The increasing availability of data in diverse domains has created a necessity to develop techniques and methods to discover knowledge from massive volumes of complex data, motivating many research works in databases, machine learning, and information retrieval communities. This has driven the development of scalable and efficient techniques to organize and retrieve this kind of data. Similarity search has been the traditional approach for information retrieval. Although several similarity search algorithms have been proposed to speed up similarity queries, most of them are either affected by the well-known “curse of dimensionality”. Retrieve complex data causes stability problems when the data dimensionality is too high [3].

One of the few approaches that ensure an approximate solution with sublinear search cost for high-dimensional data is the Locality Sensitive Hashing (LSH) [1]. LSH is based on the idea that closeness between two objects is usually preserved by a random projection operation. In other words, if two objects are close together in their original space, then these two objects will remain close after a scalar projection operation [12]. However, it presents some difficulties for approximate kNN queries, in particular, related to data domain parameter dependence and quality results. Therefore, in complex domains, in particular, in high dimensional data problems, an approximate solution with a solid theoretical analysis may be the best option in many application areas because of their efficiency in time and space.

On the other hand, in Machine Learning traditionally images are often described by the hand-craft visual features. However, these hand-craft features cannot well reveal the high-level semantic meaning (labels or tags) of images, and often limit the performance of image retrieval [9]. Inspired by recent advances in Convolutional Neural Network (CNN) [8], many methods solved the problem of precision of similarity retrieval by using CNN as feature extractor and then build a compact similarity-preserving hash code for fast image retrieval. Again, hashing is widely used for large-scale image retrieval as well as video and document searches because the compact representation of hash code is essential for data storage and reasonable for query searches [14]. However, some drawbacks based on these supervised hashing methods have not been solved entirely, as follows:

  • There is a trade-off between classification error and quantization error: activations of lower layers are more general-purpose [16], so training is more effective. However lower layers have larger activations maps (many nodes), which are harder to encode which leads to a compromise.

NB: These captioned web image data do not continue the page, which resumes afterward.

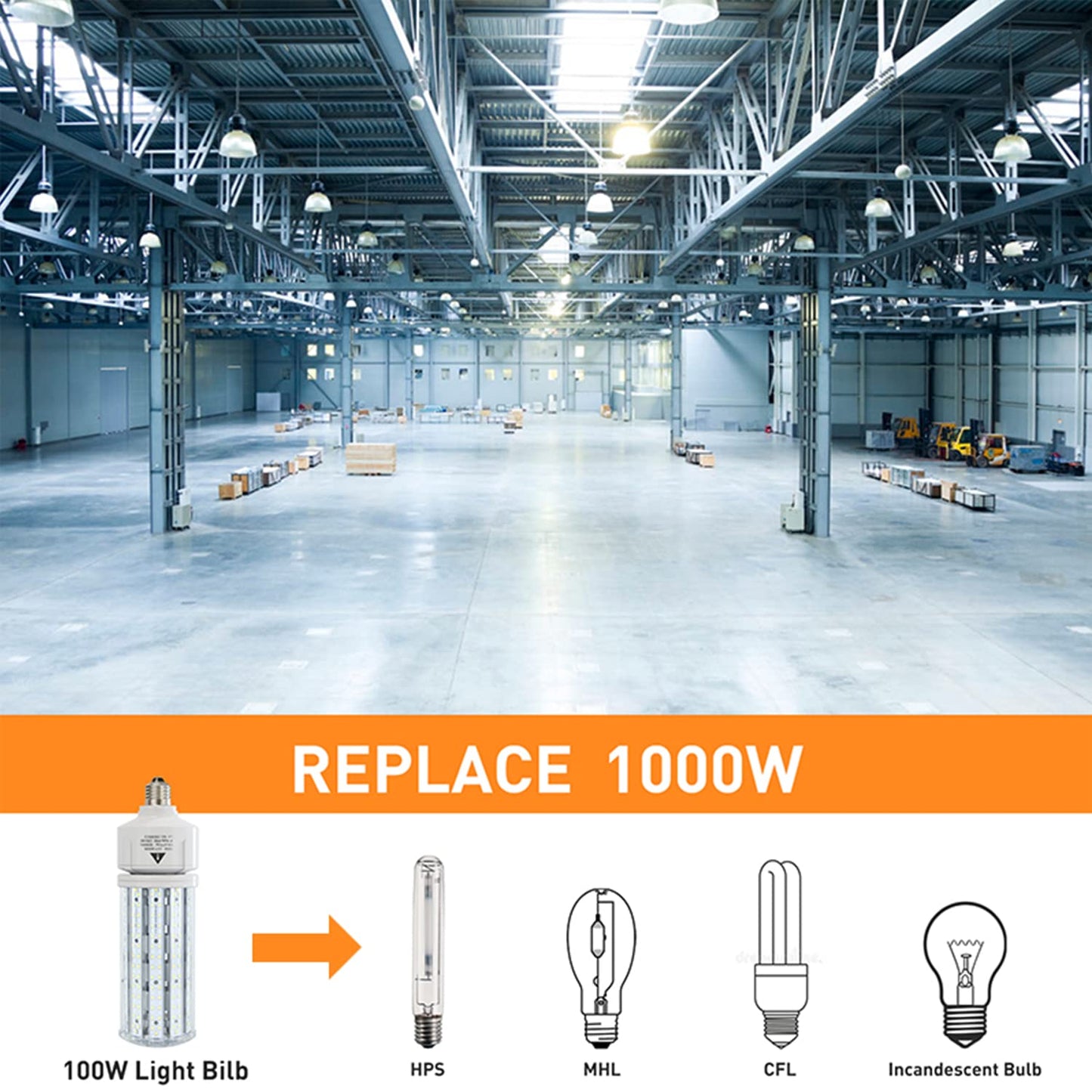 2 Pack 100W LED Corn Light Bulb 5000K Daylight 15000 Lumens Super Bright, E26/E39 Base Led Corn Bulbs Replace Metal Halide HID CFL for Outdoor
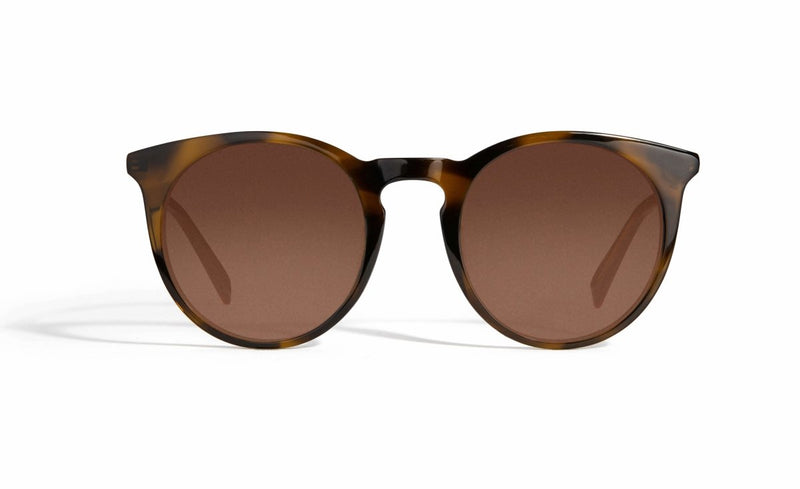 Image of Cheeterz Club eyewear. Photo of retro classic round sunglasses with brown tinted lenses. The frames are medium width and light and dark brown color. Suitable for square, oval, and oblong shaped face shapes. 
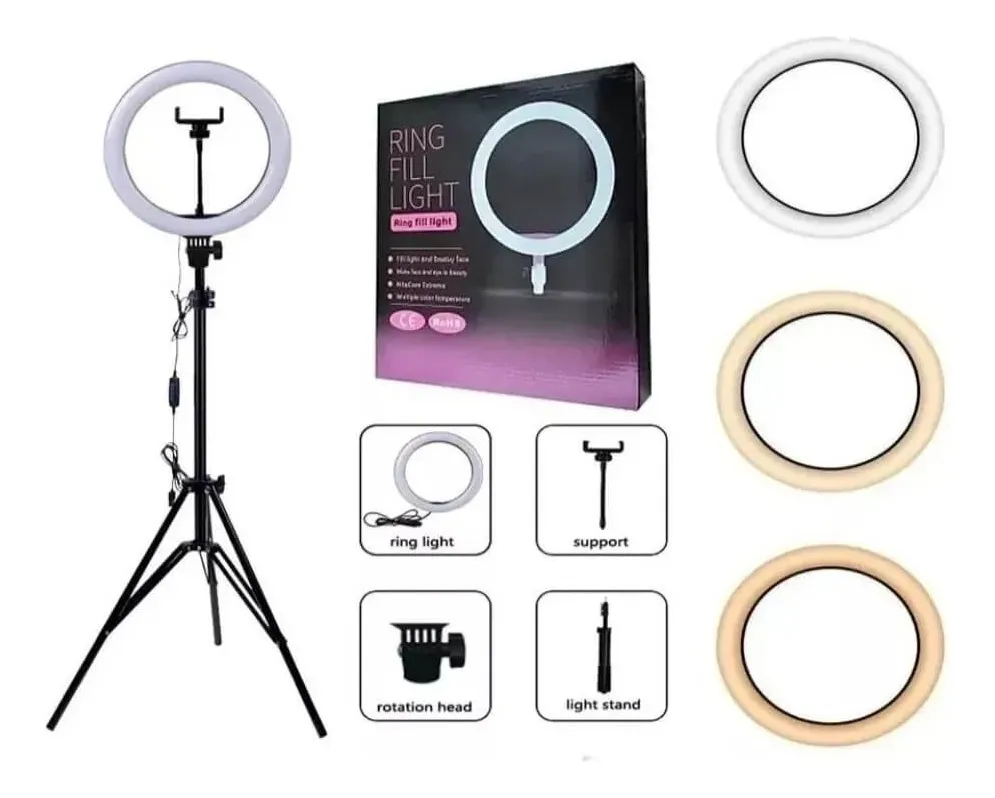 Aro de Luz Led Flash Selfie Anillo 26cm Tripoide Hasta 2mts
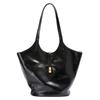 Soft leather tote bag, genuine leather women's bag, large capacity cowhide high-end black commuter bag, shoulder underarm bucket bag.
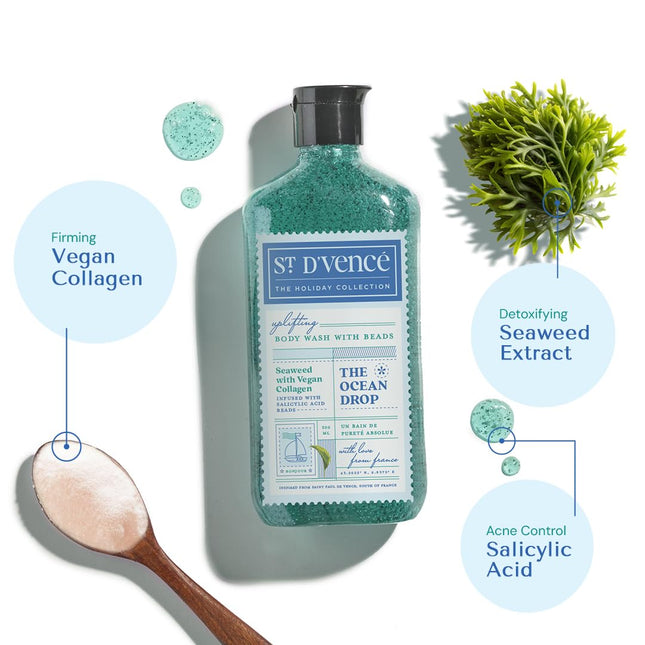 ST. D'VENCE Refreshing Ocean Drop Salicylic Acid Body Wash Shower Gel For Women & Men-300ml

  • There is a dependency on parameter values for approximate similarity search schemes based on LSH, which determine the number of hash functions and number of hash tables.

This paper proposes a novel supervised hashing technique, named Deep frActal based Hashing (DAsH), designed to perform scalable approximate similarity search. The contributions of our work are as follows. First, we introduce and define a scheme based on CNN and optimized using fractal theory. To overcome the limitation of large activations on lower layers of CNN (output of the last convolutional layer) we reduce its dimensionality using autoencoders to the optimal sub-space. Then we index this new representation with LSH scheme. Second, we present a novel method, based on fractal theory, which allow us to can find the optimal number of hash functions for an approximate similarity search scheme based on LSH.

The paper is organized as follows. Section 2 summarizes the background for this work. Section 3 describes the proposed technique and Sect. 4 reports experimental results on real and synthetic datasets. Finally, we conclude in Sect. 5.

2 Locality Sensitive Hashing

Previous work [1] has explored the idea of hashing objects and grouping them into buckets with the goal of performing approximate similarity search within buckets associated with the query element. The idea behind LSH is that if two objects are close together in their original space, then these two objects will remain close after a scalar projection operation [12]. Hence, let h(x) be a hash function that maps a d-dimensional point x to a one-dimensional value. The function h(x) is said to be locality sensitive if the probability of mapping two d-dimensional points \(x_1\), \(x_2\) to the same value grows as their distance \(d(x_1, x_2)\) decreases.

LSH based methods report efficient results when adequate values for m (number of hash functions) and L (number of indexes) are chosen. The \(E^2\)-LSH algorithm find the best value for m and L by experimentally evaluating the cost of calculation for samples in the given dataset. Basically, the tuning parameter of LSH is chosen as a function of the dataset to minimize the running time of a query while the space requirement is within the memory bounds [13].

2.1 Fractal Theory

A fractal is characterized by the self-similarity property, i.e., it is an object that presents roughly the same characteristics when analyzed over a broad range of scales [6]. From the Fractal Theory, the Correlation Fractal Dimension \(\mathfrak {D}\) is particularly useful for data analysis, since it can be applied to estimate the intrinsic dimension of real datasets that exhibit fractal behavior, i.e., exactly or statistically self-similar datasets [4]. It has been shown that, given a set of N objects in a dataset with a distance function d(xy), the average number of k neighbors within a given distance r is proportional to r raised to \(\mathfrak {D}\). Thus, the pair-count PC(r) of pairs of elements within distance r follows the power law:

$$\begin{aligned} PC(r) = K_p \times r^{\mathfrak {D}} \end{aligned}$$
(1)

where, \(K_p\) is a proportionality constant, and \(\mathfrak {D}\) is the correlation fractal dimension of the dataset. Consequently, a fractal is defined by the self-similarity property, that is the main characteristic that represents exactly or statistically the similarity between the parts to the whole fractal.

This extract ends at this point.